Reproduce exactly the lines from the one containing "Latex Mattress Futon" through the last line of the records below, both included. Leave out any pictures.

------------------------------------------------------------------------

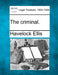 The criminal. by Havelock Ellis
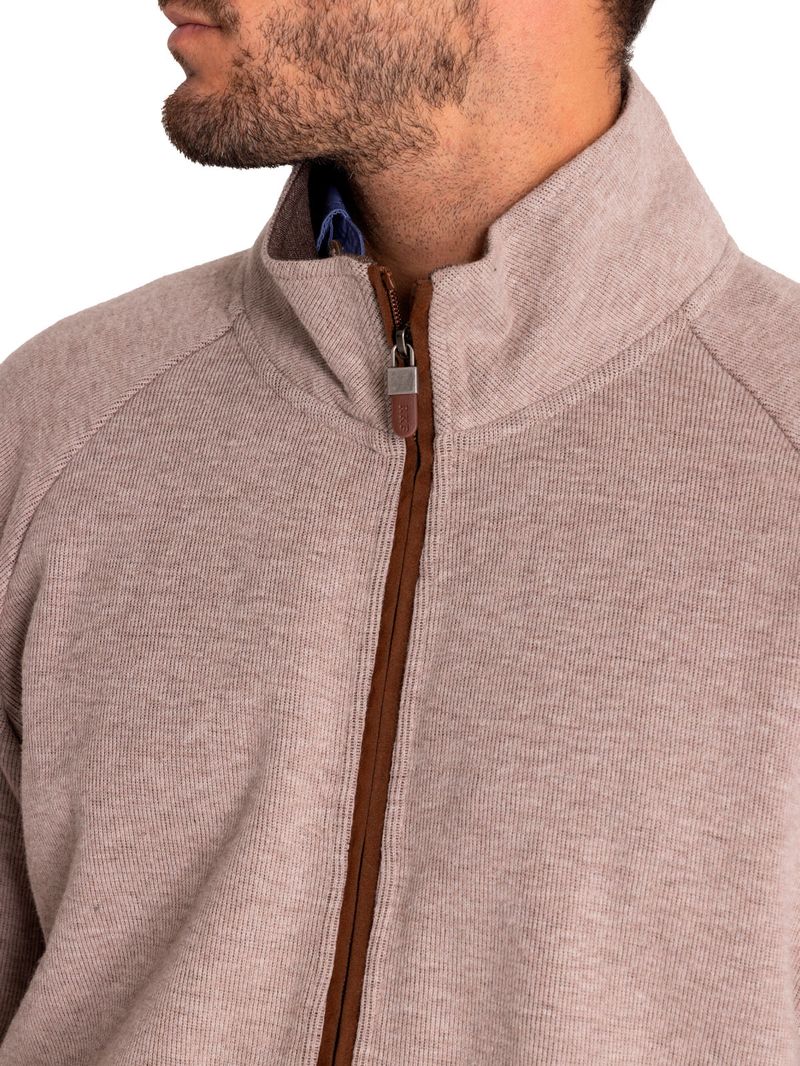 Polerón Algodón Orgánico Hombre Doble Beige/Crudo Rockford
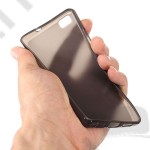 Tok telefonvédő gumi Huawei P8 füstszínű matt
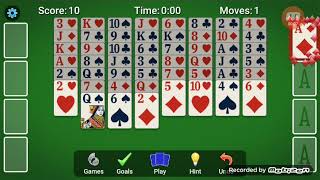 Freecell İnternetsiz freecell oynayın iskambil oyunları oyna Freecell apk Solitaire oyna [upl. by Ellehsem39]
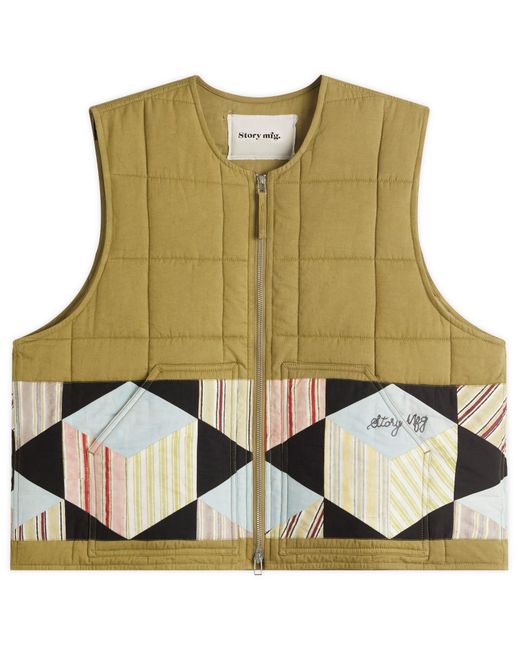 STORY mfg. Saturn Vest in Green for Men | Lyst Australia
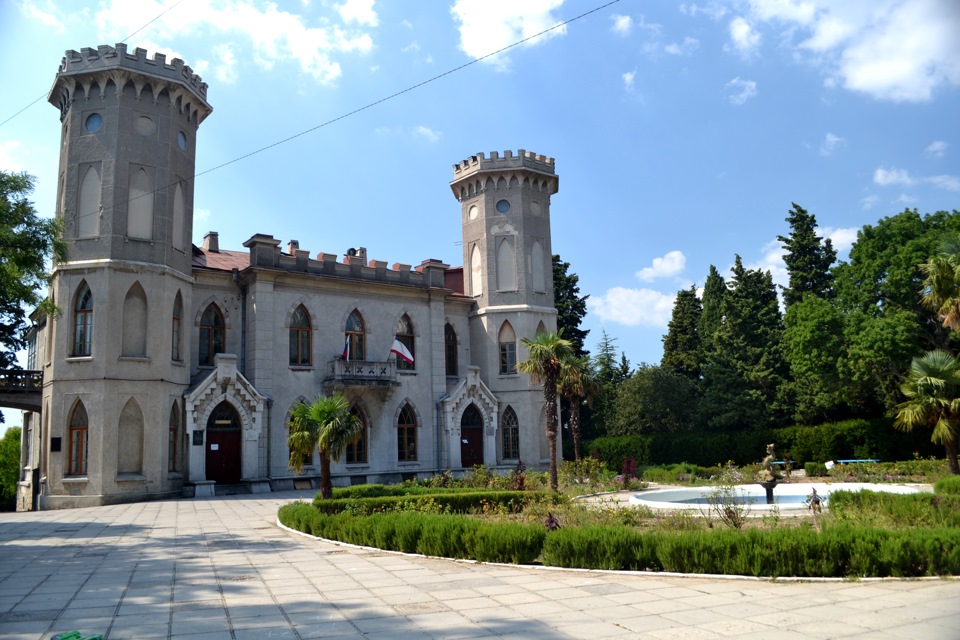 Лев толстой во Дворце графини Паниной Гаспра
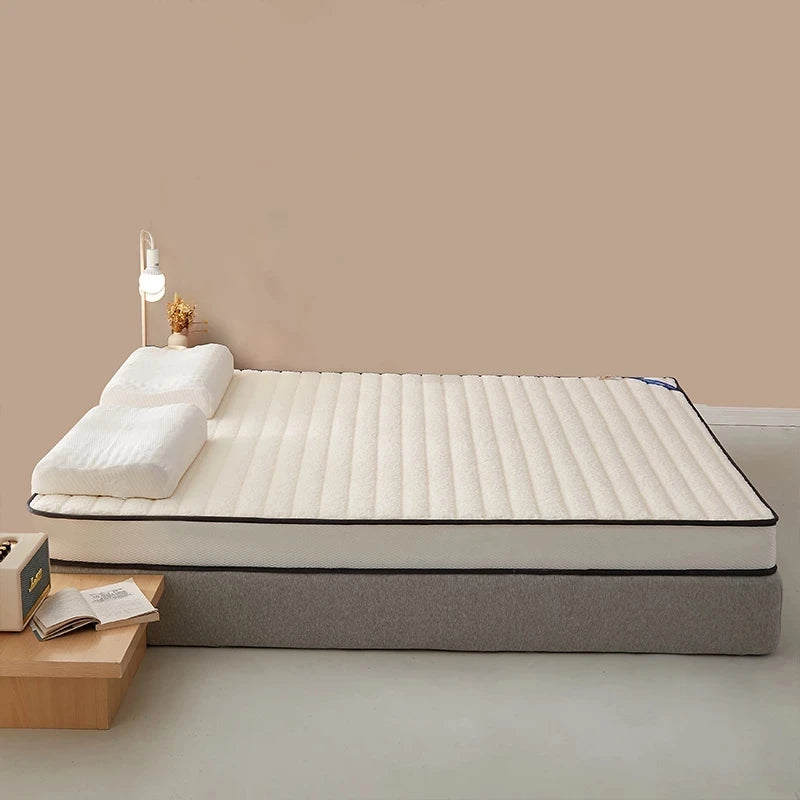 Latex Mattress Futon Thick Floor Mat Lamb Hair Mattress Foldable Tatami Mattress Bedroom Furniture Large Bed Bedspread Bedding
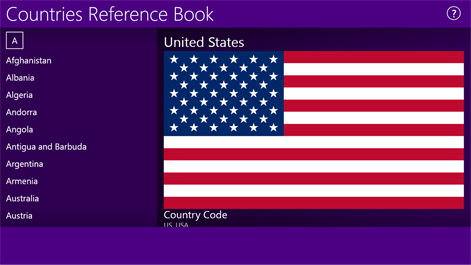 Countries Reference Book Screenshots 1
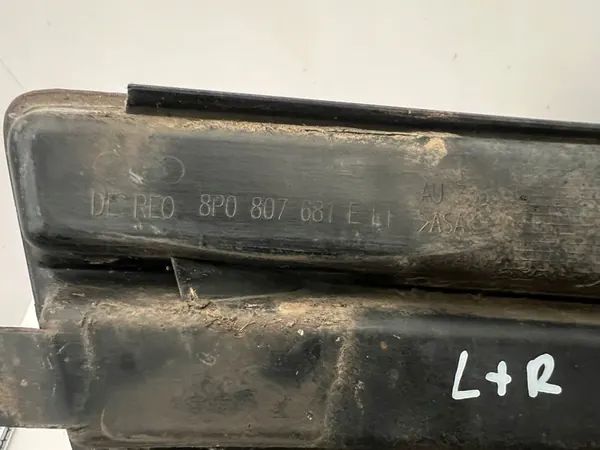 Rejilla de parachoques Audi A3 8P0 Izquierda Derecha OEM 8P0807681E 8P0807682E image 4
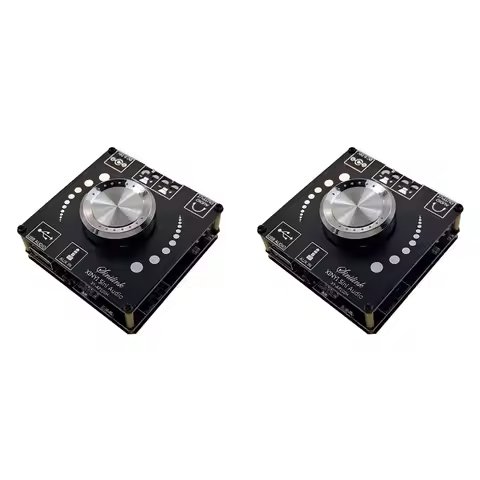 2X XY-AP100H 100Wx2 BT5.0 Digital Amplifier Board TPA3116D2 100W+100W Left Right Two-Channel HIFI 2.
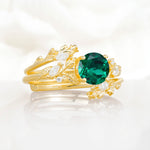 SR17688 Emerald Ring - White-Gold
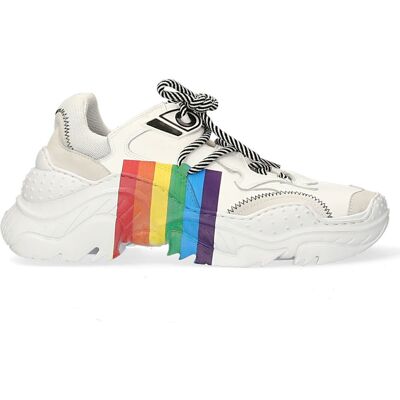 N21 - Baskets en Cuir blanc/multicolore 41 - Publicité N21 - Baskets en Cuir blanc/multicolore 41 - Publicité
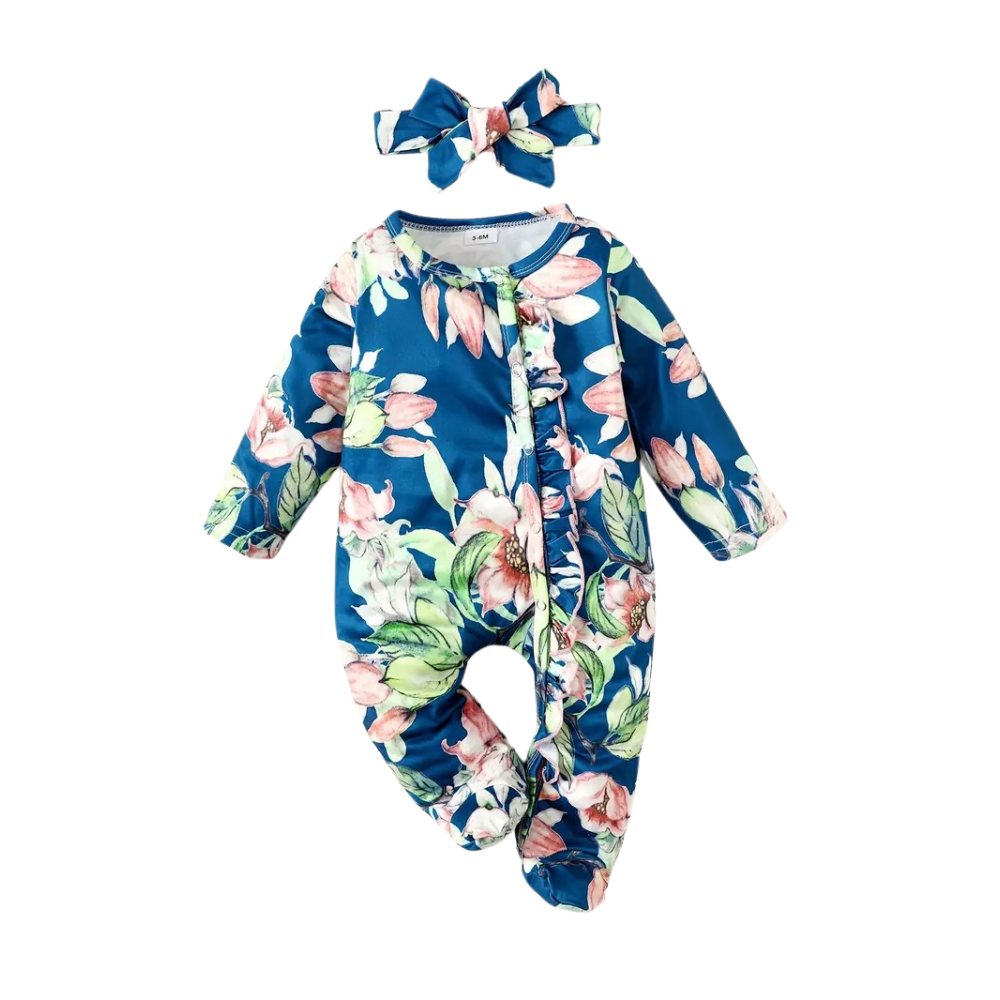 Casual One Piece Romper For Baby Girls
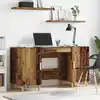 Image de Bureau Bois Ancien 140 X 50 X 75 Cm Bois D'ingénierie Vidaxl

------------------------------------------------------------------------

**ANSWER SECTION**
 Latex Mattress Futon Thick Floor Mat Lamb Hair Mattress Foldable Tatami Mattress Bedroom Furniture Large Bed Bedspread Bedding
 Countries Reference Book Screenshots 1
 Rejilla de parachoques Audi A3 8P0 Izquierda Derecha OEM 8P0807681E 8P0807682E image 4
 2X XY-AP100H 100Wx2 BT5.0 Digital Amplifier Board TPA3116D2 100W+100W Left Right Two-Channel HIFI 2.
 SR17688 Emerald Ring - White-Gold
 N21 - Baskets en Cuir blanc/multicolore 41 - Publicité N21 - Baskets en Cuir blanc/multicolore 41 - Publicité
 Casual One Piece Romper For Baby Girls
 Image de Bureau Bois Ancien 140 X 50 X 75 Cm Bois D'ingénierie Vidaxl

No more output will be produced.